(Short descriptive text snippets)
------------------------------------
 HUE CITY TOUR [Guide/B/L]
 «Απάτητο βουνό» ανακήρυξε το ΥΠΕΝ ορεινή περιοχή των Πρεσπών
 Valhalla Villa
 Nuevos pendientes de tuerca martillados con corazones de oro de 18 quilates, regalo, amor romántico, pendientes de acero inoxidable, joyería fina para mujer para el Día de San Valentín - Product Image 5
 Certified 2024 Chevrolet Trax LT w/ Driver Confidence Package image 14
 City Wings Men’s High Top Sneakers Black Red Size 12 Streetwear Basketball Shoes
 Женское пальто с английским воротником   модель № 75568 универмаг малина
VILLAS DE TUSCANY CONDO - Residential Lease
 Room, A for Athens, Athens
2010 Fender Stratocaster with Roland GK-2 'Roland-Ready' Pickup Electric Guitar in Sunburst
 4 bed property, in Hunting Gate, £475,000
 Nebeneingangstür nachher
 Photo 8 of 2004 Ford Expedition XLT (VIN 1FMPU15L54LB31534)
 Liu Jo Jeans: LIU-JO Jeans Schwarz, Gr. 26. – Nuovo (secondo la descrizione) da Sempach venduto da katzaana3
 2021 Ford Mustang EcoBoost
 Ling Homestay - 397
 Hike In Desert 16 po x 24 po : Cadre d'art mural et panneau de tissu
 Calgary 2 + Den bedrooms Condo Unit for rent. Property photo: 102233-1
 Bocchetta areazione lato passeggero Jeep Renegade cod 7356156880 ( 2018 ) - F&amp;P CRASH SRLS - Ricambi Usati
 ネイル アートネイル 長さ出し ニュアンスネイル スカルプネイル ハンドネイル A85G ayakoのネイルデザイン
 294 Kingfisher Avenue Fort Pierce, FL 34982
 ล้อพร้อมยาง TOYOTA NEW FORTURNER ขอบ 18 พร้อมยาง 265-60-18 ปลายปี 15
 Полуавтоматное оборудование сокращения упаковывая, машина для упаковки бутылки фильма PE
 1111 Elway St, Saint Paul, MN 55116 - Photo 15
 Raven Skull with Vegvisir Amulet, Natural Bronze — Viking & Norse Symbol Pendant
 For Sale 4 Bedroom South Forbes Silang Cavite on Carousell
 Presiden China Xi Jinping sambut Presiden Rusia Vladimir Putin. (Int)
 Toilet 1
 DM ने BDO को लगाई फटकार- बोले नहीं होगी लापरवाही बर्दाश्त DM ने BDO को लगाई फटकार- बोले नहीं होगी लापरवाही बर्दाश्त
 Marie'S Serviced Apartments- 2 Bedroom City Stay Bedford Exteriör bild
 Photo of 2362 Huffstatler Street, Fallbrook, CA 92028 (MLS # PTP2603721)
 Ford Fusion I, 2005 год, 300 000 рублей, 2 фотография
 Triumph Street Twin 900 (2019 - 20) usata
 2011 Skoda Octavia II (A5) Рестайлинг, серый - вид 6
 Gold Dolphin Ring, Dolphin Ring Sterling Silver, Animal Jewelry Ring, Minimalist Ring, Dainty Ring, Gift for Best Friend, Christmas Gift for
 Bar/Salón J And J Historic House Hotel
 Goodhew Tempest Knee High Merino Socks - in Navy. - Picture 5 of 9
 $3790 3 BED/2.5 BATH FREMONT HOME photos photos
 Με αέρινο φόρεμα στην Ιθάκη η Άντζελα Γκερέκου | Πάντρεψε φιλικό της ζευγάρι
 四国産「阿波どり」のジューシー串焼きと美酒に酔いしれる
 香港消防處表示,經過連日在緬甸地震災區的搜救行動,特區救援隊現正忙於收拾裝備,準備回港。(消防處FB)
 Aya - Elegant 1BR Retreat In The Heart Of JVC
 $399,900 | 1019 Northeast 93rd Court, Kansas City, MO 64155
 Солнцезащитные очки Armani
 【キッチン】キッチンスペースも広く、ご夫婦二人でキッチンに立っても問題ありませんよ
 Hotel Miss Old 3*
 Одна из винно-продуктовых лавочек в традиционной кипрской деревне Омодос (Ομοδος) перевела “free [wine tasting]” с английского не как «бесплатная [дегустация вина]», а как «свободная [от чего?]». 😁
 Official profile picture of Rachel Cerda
------------------------------------
# [Task to carry out]
Once you have read the records above, output each of them verbatim.

# [Response box]
 HUE CITY TOUR [Guide/B/L]
 «Απάτητο βουνό» ανακήρυξε το ΥΠΕΝ ορεινή περιοχή των Πρεσπών
 Valhalla Villa
 Nuevos pendientes de tuerca martillados con corazones de oro de 18 quilates, regalo, amor romántico, pendientes de acero inoxidable, joyería fina para mujer para el Día de San Valentín - Product Image 5
 Certified 2024 Chevrolet Trax LT w/ Driver Confidence Package image 14
 City Wings Men’s High Top Sneakers Black Red Size 12 Streetwear Basketball Shoes
 Женское пальто с английским воротником   модель № 75568 универмаг малина
VILLAS DE TUSCANY CONDO - Residential Lease
 Room, A for Athens, Athens
2010 Fender Stratocaster with Roland GK-2 'Roland-Ready' Pickup Electric Guitar in Sunburst
 4 bed property, in Hunting Gate, £475,000
 Nebeneingangstür nachher
 Photo 8 of 2004 Ford Expedition XLT (VIN 1FMPU15L54LB31534)
 Liu Jo Jeans: LIU-JO Jeans Schwarz, Gr. 26. – Nuovo (secondo la descrizione) da Sempach venduto da katzaana3
 2021 Ford Mustang EcoBoost
 Ling Homestay - 397
 Hike In Desert 16 po x 24 po : Cadre d'art mural et panneau de tissu
 Calgary 2 + Den bedrooms Condo Unit for rent. Property photo: 102233-1
 Bocchetta areazione lato passeggero Jeep Renegade cod 7356156880 ( 2018 ) - F&amp;P CRASH SRLS - Ricambi Usati
 ネイル アートネイル 長さ出し ニュアンスネイル スカルプネイル ハンドネイル A85G ayakoのネイルデザイン
 294 Kingfisher Avenue Fort Pierce, FL 34982
 ล้อพร้อมยาง TOYOTA NEW FORTURNER ขอบ 18 พร้อมยาง 265-60-18 ปลายปี 15
 Полуавтоматное оборудование сокращения упаковывая, машина для упаковки бутылки фильма PE
 1111 Elway St, Saint Paul, MN 55116 - Photo 15
 Raven Skull with Vegvisir Amulet, Natural Bronze — Viking & Norse Symbol Pendant
 For Sale 4 Bedroom South Forbes Silang Cavite on Carousell
 Presiden China Xi Jinping sambut Presiden Rusia Vladimir Putin. (Int)
 Toilet 1
 DM ने BDO को लगाई फटकार- बोले नहीं होगी लापरवाही बर्दाश्त DM ने BDO को लगाई फटकार- बोले नहीं होगी लापरवाही बर्दाश्त
 Marie'S Serviced Apartments- 2 Bedroom City Stay Bedford Exteriör bild
 Photo of 2362 Huffstatler Street, Fallbrook, CA 92028 (MLS # PTP2603721)
 Ford Fusion I, 2005 год, 300 000 рублей, 2 фотография
 Triumph Street Twin 900 (2019 - 20) usata
 2011 Skoda Octavia II (A5) Рестайлинг, серый - вид 6
 Gold Dolphin Ring, Dolphin Ring Sterling Silver, Animal Jewelry Ring, Minimalist Ring, Dainty Ring, Gift for Best Friend, Christmas Gift for
 Bar/Salón J And J Historic House Hotel
 Goodhew Tempest Knee High Merino Socks - in Navy. - Picture 5 of 9
 $3790 3 BED/2.5 BATH FREMONT HOME photos photos
 Με αέρινο φόρεμα στην Ιθάκη η Άντζελα Γκερέκου | Πάντρεψε φιλικό της ζευγάρι
 四国産「阿波どり」のジューシー串焼きと美酒に酔いしれる
 香港消防處表示,經過連日在緬甸地震災區的搜救行動,特區救援隊現正忙於收拾裝備,準備回港。(消防處FB)
 Aya - Elegant 1BR Retreat In The Heart Of JVC
 $399,900 | 1019 Northeast 93rd Court, Kansas City, MO 64155
 Солнцезащитные очки Armani
 【キッチン】キッチンスペースも広く、ご夫婦二人でキッチンに立っても問題ありませんよ
 Hotel Miss Old 3*
 Одна из винно-продуктовых лавочек в традиционной кипрской деревне Омодос (Ομοδος) перевела “free [wine tasting]” с английского не как «бесплатная [дегустация вина]», а как «свободная [от чего?]». 😁
 Official profile picture of Rachel Cerda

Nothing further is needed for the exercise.